__ACTION ITEM__.
For this exercise, repeat the records below exactly and omit every picture.

%%

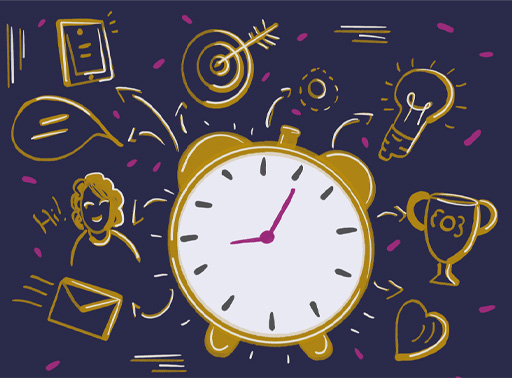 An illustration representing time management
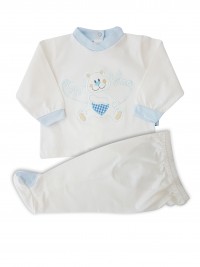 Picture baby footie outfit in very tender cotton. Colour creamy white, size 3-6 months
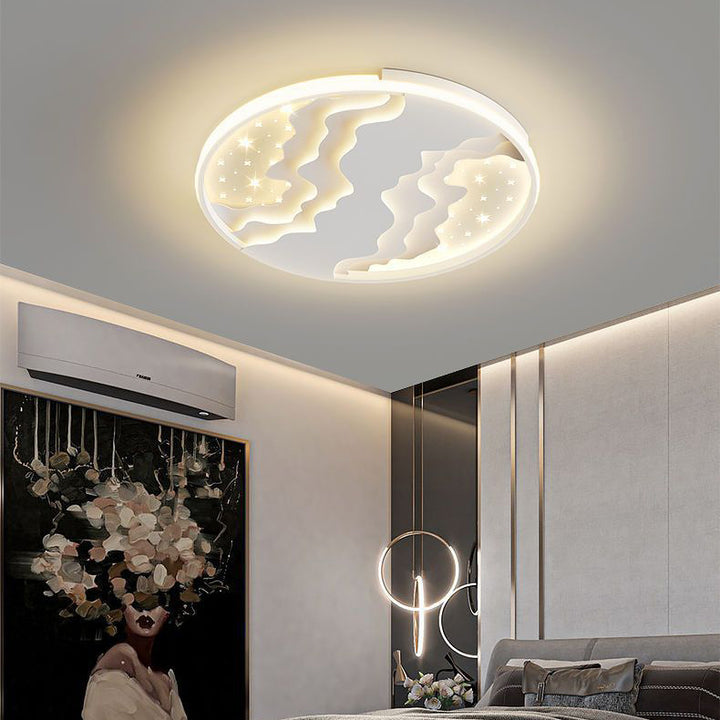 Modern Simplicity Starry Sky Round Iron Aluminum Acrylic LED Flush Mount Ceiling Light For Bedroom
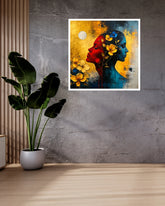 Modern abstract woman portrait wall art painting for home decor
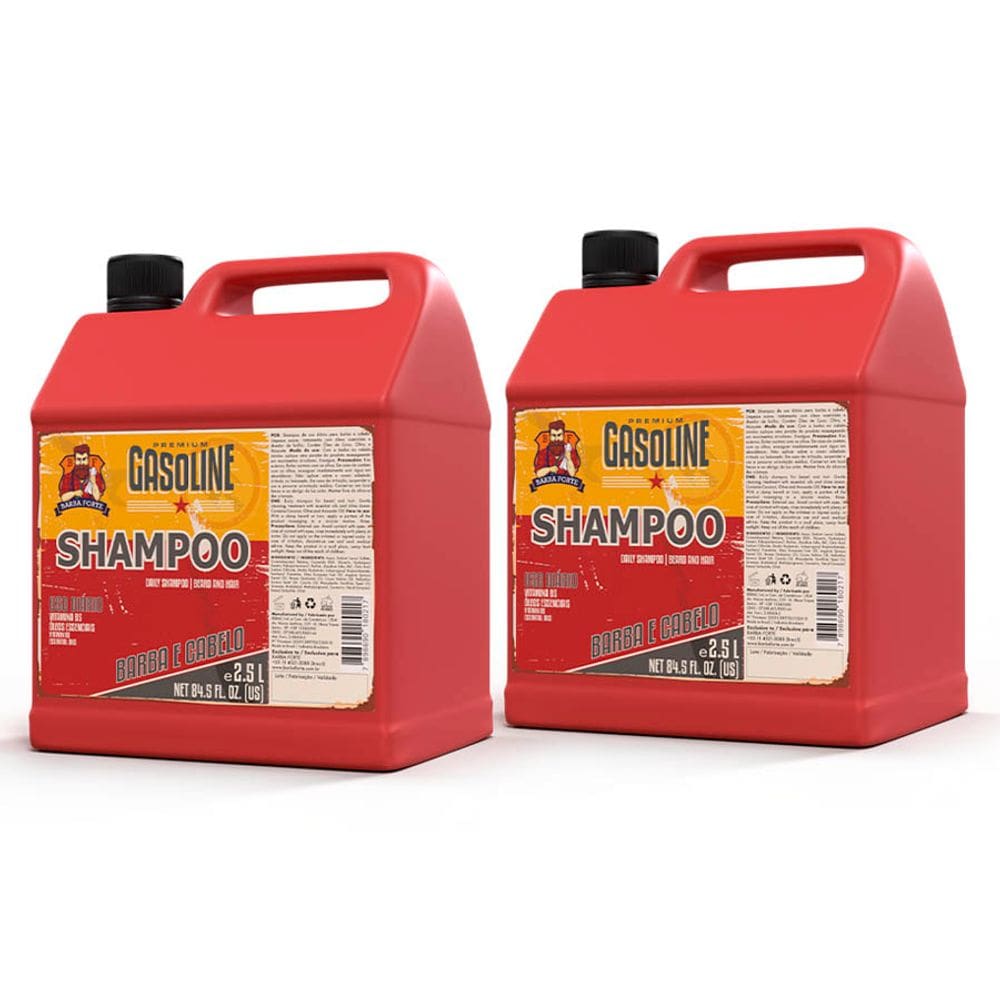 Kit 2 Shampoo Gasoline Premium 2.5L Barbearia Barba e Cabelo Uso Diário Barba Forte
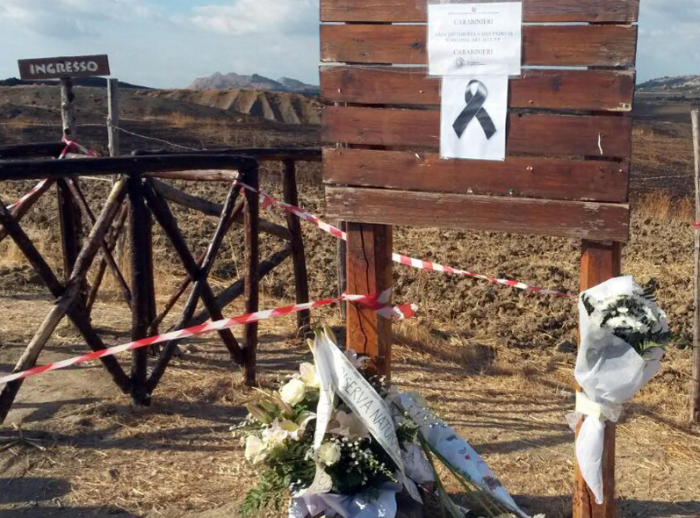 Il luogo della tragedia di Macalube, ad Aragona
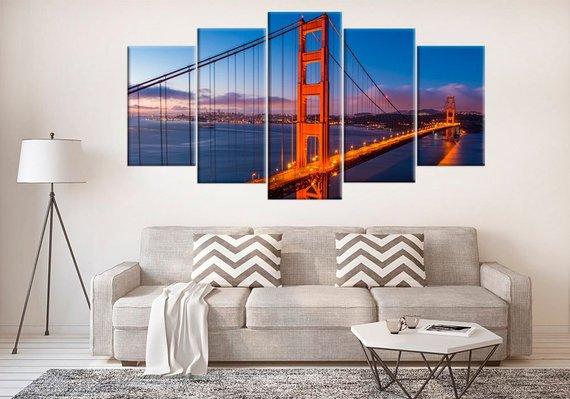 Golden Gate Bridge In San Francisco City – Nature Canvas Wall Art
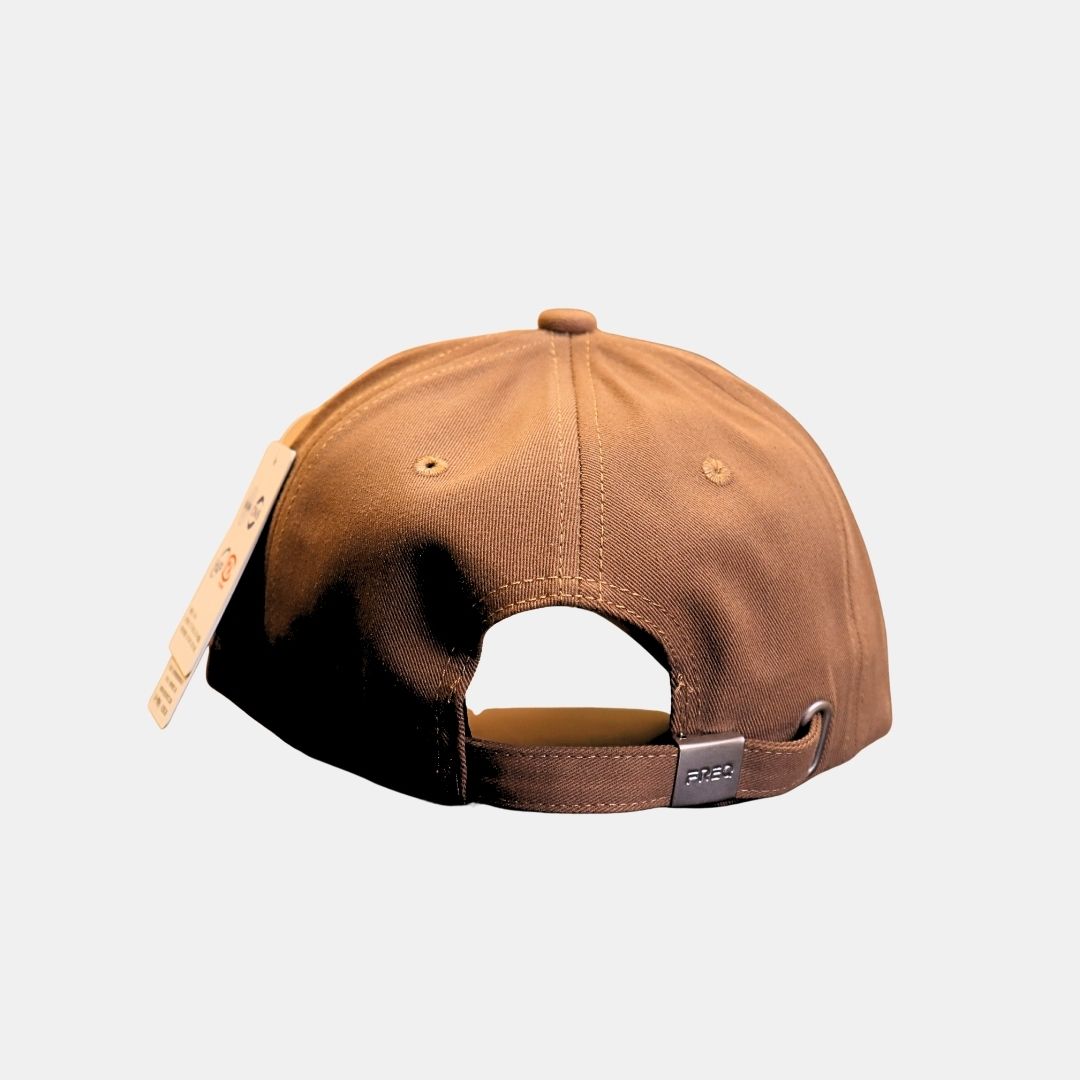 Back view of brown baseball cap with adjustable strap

%%

__ANSWER SECTION__.
 An illustration representing time management
 Picture baby footie outfit in very tender cotton. Colour creamy white, size 3-6 months
 Modern Simplicity Starry Sky Round Iron Aluminum Acrylic LED Flush Mount Ceiling Light For Bedroom
 Modern abstract woman portrait wall art painting for home decor
 Kit 2 Shampoo Gasoline Premium 2.5L Barbearia Barba e Cabelo Uso Diário Barba Forte
 Il luogo della tragedia di Macalube, ad Aragona
 Golden Gate Bridge In San Francisco City – Nature Canvas Wall Art
 Back view of brown baseball cap with adjustable strap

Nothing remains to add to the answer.